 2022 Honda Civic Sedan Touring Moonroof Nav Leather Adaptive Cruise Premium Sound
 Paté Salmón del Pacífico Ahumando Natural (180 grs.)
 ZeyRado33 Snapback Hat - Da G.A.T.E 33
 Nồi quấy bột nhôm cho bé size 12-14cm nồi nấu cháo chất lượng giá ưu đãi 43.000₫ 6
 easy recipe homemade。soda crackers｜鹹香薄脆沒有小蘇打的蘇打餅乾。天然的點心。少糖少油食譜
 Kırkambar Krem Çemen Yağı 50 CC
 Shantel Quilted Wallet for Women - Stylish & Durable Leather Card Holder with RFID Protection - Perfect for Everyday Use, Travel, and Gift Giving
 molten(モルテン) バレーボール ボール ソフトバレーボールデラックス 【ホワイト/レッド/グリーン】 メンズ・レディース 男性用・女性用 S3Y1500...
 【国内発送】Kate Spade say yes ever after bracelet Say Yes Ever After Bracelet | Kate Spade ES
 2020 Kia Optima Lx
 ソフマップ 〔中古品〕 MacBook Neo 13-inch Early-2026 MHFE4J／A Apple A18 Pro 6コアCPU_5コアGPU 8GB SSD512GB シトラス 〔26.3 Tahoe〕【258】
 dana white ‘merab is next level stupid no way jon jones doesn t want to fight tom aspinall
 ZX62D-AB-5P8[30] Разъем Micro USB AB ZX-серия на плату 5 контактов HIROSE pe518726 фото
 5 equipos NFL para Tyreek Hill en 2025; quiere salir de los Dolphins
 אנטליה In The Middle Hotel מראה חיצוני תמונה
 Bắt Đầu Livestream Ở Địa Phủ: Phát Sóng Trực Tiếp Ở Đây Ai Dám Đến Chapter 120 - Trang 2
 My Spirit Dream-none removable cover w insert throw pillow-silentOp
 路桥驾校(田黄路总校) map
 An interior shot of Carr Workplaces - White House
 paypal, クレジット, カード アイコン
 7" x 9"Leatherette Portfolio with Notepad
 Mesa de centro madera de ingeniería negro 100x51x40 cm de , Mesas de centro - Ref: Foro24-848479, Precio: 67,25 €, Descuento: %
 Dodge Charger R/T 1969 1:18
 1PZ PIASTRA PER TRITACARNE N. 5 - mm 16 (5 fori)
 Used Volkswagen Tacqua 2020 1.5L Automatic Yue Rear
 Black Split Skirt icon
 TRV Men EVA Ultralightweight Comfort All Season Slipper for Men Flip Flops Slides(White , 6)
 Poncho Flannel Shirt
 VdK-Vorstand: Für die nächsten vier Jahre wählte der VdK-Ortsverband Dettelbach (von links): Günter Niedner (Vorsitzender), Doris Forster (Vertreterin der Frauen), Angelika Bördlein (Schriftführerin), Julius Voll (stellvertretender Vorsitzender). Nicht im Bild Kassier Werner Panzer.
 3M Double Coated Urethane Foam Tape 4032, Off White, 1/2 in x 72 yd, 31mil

====

→ Problem to solve
Copy, exactly and only, the lines above that begin with the one containing "ZeyRado33 Snapback Hat - Da G.A.T.E 33" and finish with the one containing "5 equipos NFL".

→ Answer section
 ZeyRado33 Snapback Hat - Da G.A.T.E 33
 Nồi quấy bột nhôm cho bé size 12-14cm nồi nấu cháo chất lượng giá ưu đãi 43.000₫ 6
 easy recipe homemade。soda crackers｜鹹香薄脆沒有小蘇打的蘇打餅乾。天然的點心。少糖少油食譜
 Kırkambar Krem Çemen Yağı 50 CC
 Shantel Quilted Wallet for Women - Stylish & Durable Leather Card Holder with RFID Protection - Perfect for Everyday Use, Travel, and Gift Giving
 molten(モルテン) バレーボール ボール ソフトバレーボールデラックス 【ホワイト/レッド/グリーン】 メンズ・レディース 男性用・女性用 S3Y1500...
 【国内発送】Kate Spade say yes ever after bracelet Say Yes Ever After Bracelet | Kate Spade ES
 2020 Kia Optima Lx
 ソフマップ 〔中古品〕 MacBook Neo 13-inch Early-2026 MHFE4J／A Apple A18 Pro 6コアCPU_5コアGPU 8GB SSD512GB シトラス 〔26.3 Tahoe〕【258】
 dana white ‘merab is next level stupid no way jon jones doesn t want to fight tom aspinall
 ZX62D-AB-5P8[30] Разъем Micro USB AB ZX-серия на плату 5 контактов HIROSE pe518726 фото
 5 equipos NFL para Tyreek Hill en 2025; quiere salir de los Dolphins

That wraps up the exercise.